The paragraph below, about half way through the book, caught my attention because it is often difficult to dissociate, in dentistry, the business aspect from the clinical aspect of our work. Now that I have read David Clow’s book, I feel that there may be no need for dissociation; that business and clinical can live in harmony with one another. Here is what he writes about the Hippocratic oath:
“All of the Hippocratic oath is a value proposition.” he writes in his book . “It talks about you and your business relationship with me, implying in each word and between every line that I, the patient, am real (if that sounds obvious, take my word, many patients do not feel real to their health care providers, and many providers don’t care); that I have challenges before me that you can remediate; that you have to hold yourself to high standards of conduct to do it; and that should you fail to keep those standards, you break the bond between us that you aspire to uphold, and therefore break the oath.”

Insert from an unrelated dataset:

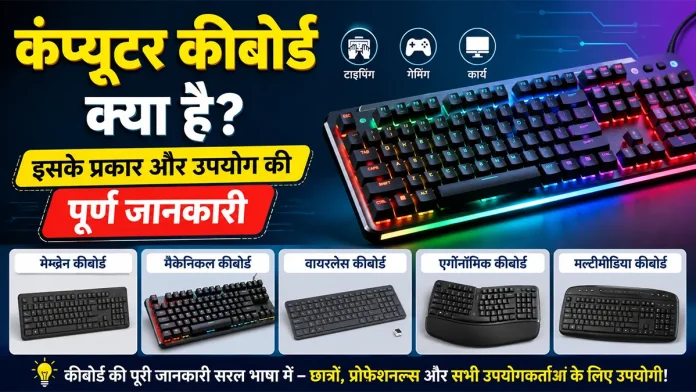 कंप्यूटर कीबोर्ड क्या है?” + “इसके प्रकार और उपयोग की पूर्ण जानकारी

“You revere the words of the oath for their long history and their sanctity in your vocation. From my angle, Hippocrates was a business writer. A great one in fact. Two thousand three hundred years after the initial version, after numerous translations and alterations, and the business practicality of that oath is still as hard and bright as a steel probe.”
“Everything else has changed, but the character of the practitioner is still front-and-center. The oath doesn’t just tell you just to have character. It tells you to use it.”